Brief descriptive captions ->
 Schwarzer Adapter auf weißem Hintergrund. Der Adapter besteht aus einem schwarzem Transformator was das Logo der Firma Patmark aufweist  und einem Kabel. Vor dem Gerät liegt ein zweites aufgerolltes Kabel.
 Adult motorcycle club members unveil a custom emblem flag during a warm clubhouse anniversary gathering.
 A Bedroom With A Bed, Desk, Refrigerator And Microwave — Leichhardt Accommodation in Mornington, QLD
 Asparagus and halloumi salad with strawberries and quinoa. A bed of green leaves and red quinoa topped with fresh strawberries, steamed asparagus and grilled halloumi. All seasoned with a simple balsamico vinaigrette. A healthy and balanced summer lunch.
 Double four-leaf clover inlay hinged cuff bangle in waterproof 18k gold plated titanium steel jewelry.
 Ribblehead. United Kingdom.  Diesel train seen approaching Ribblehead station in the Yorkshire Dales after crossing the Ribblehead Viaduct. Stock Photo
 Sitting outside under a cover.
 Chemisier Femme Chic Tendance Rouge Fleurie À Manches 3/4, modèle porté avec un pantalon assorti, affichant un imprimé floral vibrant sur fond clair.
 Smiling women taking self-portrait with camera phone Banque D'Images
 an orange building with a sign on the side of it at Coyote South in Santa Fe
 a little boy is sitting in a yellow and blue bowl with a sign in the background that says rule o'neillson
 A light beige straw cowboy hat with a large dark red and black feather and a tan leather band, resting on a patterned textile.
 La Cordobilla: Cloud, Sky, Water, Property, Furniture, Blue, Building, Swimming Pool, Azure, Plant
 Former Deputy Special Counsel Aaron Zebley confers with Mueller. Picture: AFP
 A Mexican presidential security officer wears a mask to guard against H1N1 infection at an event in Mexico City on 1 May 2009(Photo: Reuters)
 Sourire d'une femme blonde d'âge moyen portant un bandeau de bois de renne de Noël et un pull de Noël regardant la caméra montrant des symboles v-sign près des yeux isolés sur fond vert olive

Work item -> Your answer must consist of every line above, transcribed verbatim.

Answer for the task ->
 Schwarzer Adapter auf weißem Hintergrund. Der Adapter besteht aus einem schwarzem Transformator was das Logo der Firma Patmark aufweist  und einem Kabel. Vor dem Gerät liegt ein zweites aufgerolltes Kabel.
 Adult motorcycle club members unveil a custom emblem flag during a warm clubhouse anniversary gathering.
 A Bedroom With A Bed, Desk, Refrigerator And Microwave — Leichhardt Accommodation in Mornington, QLD
 Asparagus and halloumi salad with strawberries and quinoa. A bed of green leaves and red quinoa topped with fresh strawberries, steamed asparagus and grilled halloumi. All seasoned with a simple balsamico vinaigrette. A healthy and balanced summer lunch.
 Double four-leaf clover inlay hinged cuff bangle in waterproof 18k gold plated titanium steel jewelry.
 Ribblehead. United Kingdom.  Diesel train seen approaching Ribblehead station in the Yorkshire Dales after crossing the Ribblehead Viaduct. Stock Photo
 Sitting outside under a cover.
 Chemisier Femme Chic Tendance Rouge Fleurie À Manches 3/4, modèle porté avec un pantalon assorti, affichant un imprimé floral vibrant sur fond clair.
 Smiling women taking self-portrait with camera phone Banque D'Images
 an orange building with a sign on the side of it at Coyote South in Santa Fe
 a little boy is sitting in a yellow and blue bowl with a sign in the background that says rule o'neillson
 A light beige straw cowboy hat with a large dark red and black feather and a tan leather band, resting on a patterned textile.
 La Cordobilla: Cloud, Sky, Water, Property, Furniture, Blue, Building, Swimming Pool, Azure, Plant
 Former Deputy Special Counsel Aaron Zebley confers with Mueller. Picture: AFP
 A Mexican presidential security officer wears a mask to guard against H1N1 infection at an event in Mexico City on 1 May 2009(Photo: Reuters)
 Sourire d'une femme blonde d'âge moyen portant un bandeau de bois de renne de Noël et un pull de Noël regardant la caméra montrant des symboles v-sign près des yeux isolés sur fond vert olive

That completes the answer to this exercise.